The Special Adviser to President Bola Tinubu on Energy, Mrs Olu Verheijen, says Presidential Directives 41 and 42 have emerged as the most transformative policy tools reshaping Nigeria’s oil and gas investment landscape in more than a decade, by helping eliminate bottlenecks.

Mrs Verheijen made this assertion while speaking at the Practical Nigerian Content Forum 2025, noting that the directives issued by her principal in May 2025, are specifically designed to eliminate rent-seeking, slash project timelines, reduce contracting costs, and restore investor confidence in the Nigerian upstream sector.

“These directives are not just policy documents; they are enforceable commitments to make Nigeria competitive again,” she declared.

She noted that before the directives were issued, Nigeria faced chronic delays in contracting cycles, which discouraged capital inflows and stalled major upstream projects.

“For years, investment stagnated because our processes were too slow and too expensive. Presidential Directives 41 and 42 are removing those bottlenecks once and for all,” she said.

According to her, the directives have already begun to shift investor sentiment, unlocking billions of dollars in new commitments from international oil companies.

“We are seeing unprecedented investment inflows. Shell, Chevron and others are returning with confidence because they can now see credible timelines and competitive project economics,” Verheijen said.

Speaking on the link between streamlined contracting and local content development, she stressed that the directives were crafted to reinforce, not weaken, Nigerian participation.

“Local content is not an obstacle; it is a catalyst. It helps us meet national objectives, contain costs, and deliver projects faster when applied correctly,” she explained.

Mrs Verheijen highlighted that the directives complement the government’s data-driven approach to refining local content requirements while ensuring Nigerian talent and enterprises remain central to new investments.

“Our goal is to empower Nigerian companies with opportunities that are commercially sound and globally competitive,” she said.

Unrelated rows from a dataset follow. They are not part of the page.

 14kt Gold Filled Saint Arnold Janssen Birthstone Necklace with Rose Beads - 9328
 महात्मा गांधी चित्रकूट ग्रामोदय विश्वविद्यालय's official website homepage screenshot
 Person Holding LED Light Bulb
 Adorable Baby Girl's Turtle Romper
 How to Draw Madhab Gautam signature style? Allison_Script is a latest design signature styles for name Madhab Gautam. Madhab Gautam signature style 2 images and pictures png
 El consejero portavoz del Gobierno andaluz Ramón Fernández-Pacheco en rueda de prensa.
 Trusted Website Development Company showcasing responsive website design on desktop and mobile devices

She pointed to the current spike in industry activity, over 60 active drilling rigs, as evidence that the directives are driving real operational change.

“We have moved from rhetoric to results. These directives have triggered a new cycle of upstream development,” she said.

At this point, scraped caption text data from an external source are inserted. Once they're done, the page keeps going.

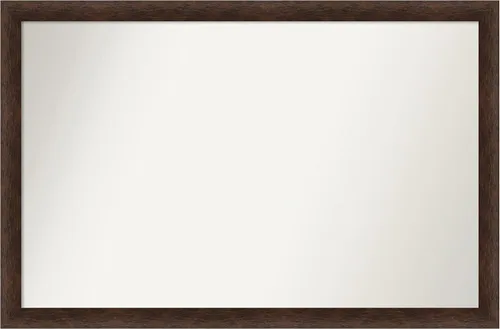 Miniatura 515 de Amanti Art Espejo de pared personalizado no biselado (24 x 27 pulgadas), marco estrecho de nogal chipre - varios tamaños personalizados - Espejo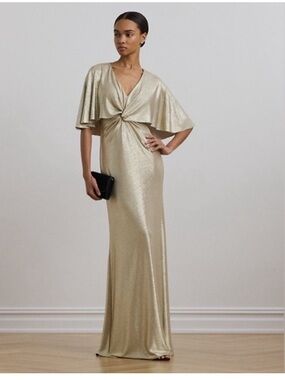 Lauren Ralph Lauren Dress Womens Size 12 Tan Gold Foil Jersey Cape Maxi Gown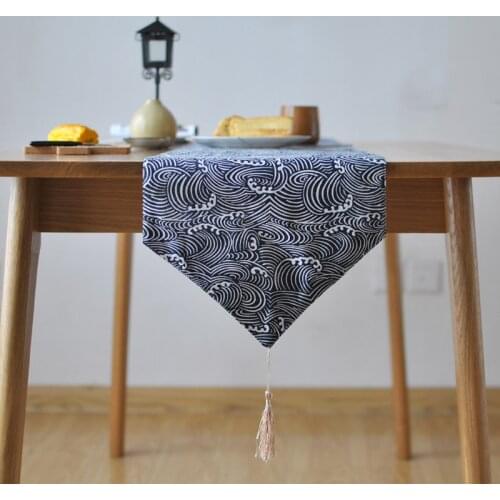 Japanese-style double-layer cotton tea table fabric coffee table dining table decor wave ripple plaid tea plate pad table runner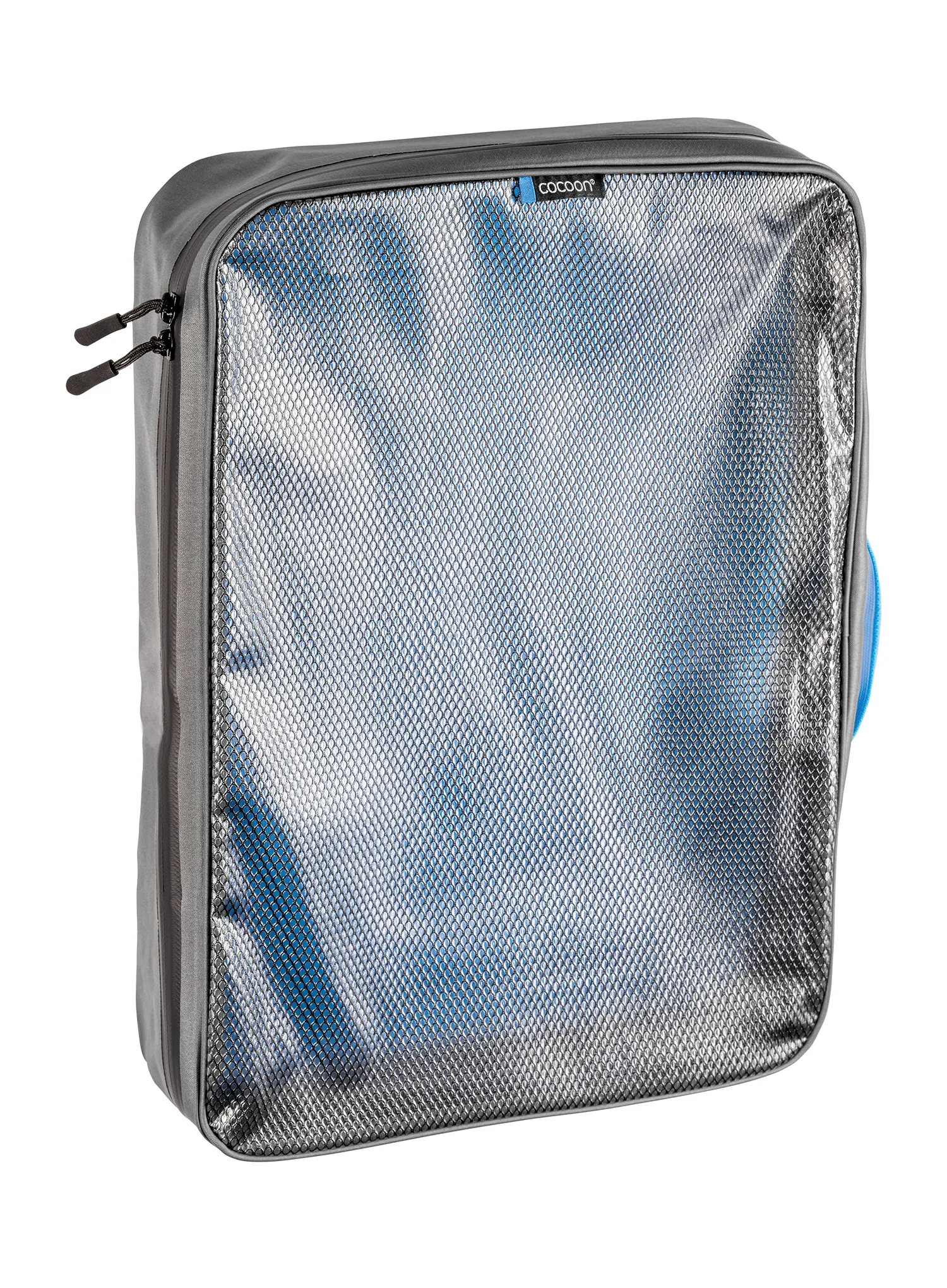 Cestovný organizér Cocoon Packing Cube - Laminated Net Top XL - grey/blue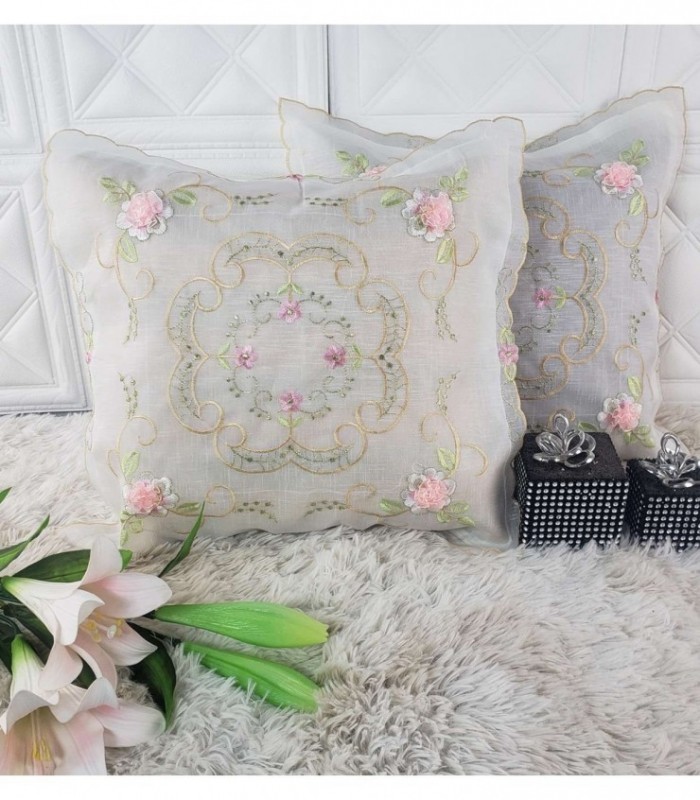 FUNDA PARA ALMOHADA CON BORDADO 0.40X0.40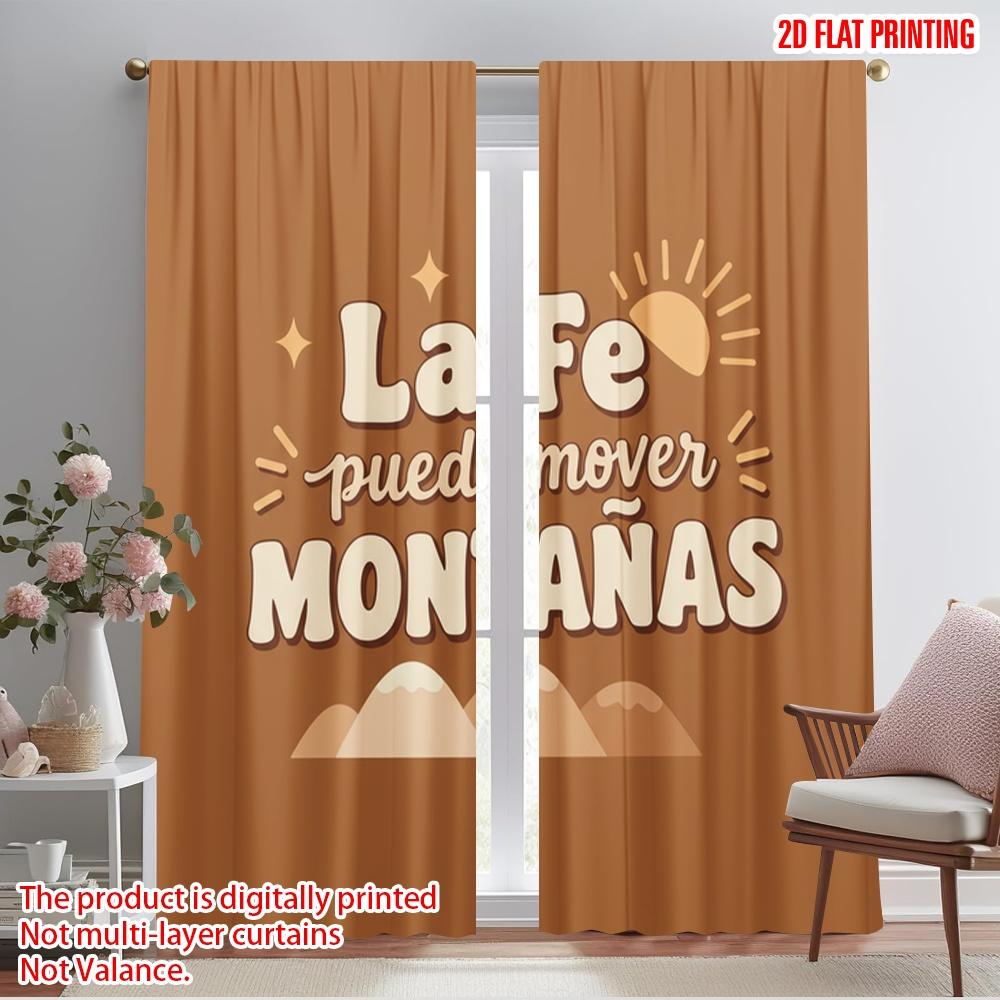 

2pcs 2D flat printing Scene Curtains Faith Moves Mountains Polyester Without Electricity Seasonal Party & Holiday Decor for 52.50×116.00 CM 2pcs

The energy expert added that the reforms are critical to achieving Nigeria’s production ambition of 3 million barrels of oil and 10 billion standard cubic feet (bscf) of gas per day by 2030.

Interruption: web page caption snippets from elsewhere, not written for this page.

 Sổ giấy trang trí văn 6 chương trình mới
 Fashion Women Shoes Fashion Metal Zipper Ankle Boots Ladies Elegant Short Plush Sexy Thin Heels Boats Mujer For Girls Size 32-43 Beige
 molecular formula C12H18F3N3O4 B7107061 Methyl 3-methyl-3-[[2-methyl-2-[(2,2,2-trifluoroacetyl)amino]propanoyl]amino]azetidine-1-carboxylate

“To meet these targets, we need speed, efficiency, and collaboration across the value chain. The directives are the foundation for that,” she noted.

She also linked the directives to Nigeria’s broader regional ambitions, including its leadership role in the African Energy Bank.

“With a $100 million facility now launched, we are ensuring that investment translates into jobs, technology transfer, and long-term value for Nigeria,” she said.

Mrs Verheijen concluded by urging the industry to uphold the spirit and letter of the presidential instructions.

“These directives are a collective responsibility. Government, operators, financiers, and host communities must work together to deliver the Nigeria we envision,” she said. “We remain committed to ensuring Nigeria remains Africa’s premier investment destination,” she said.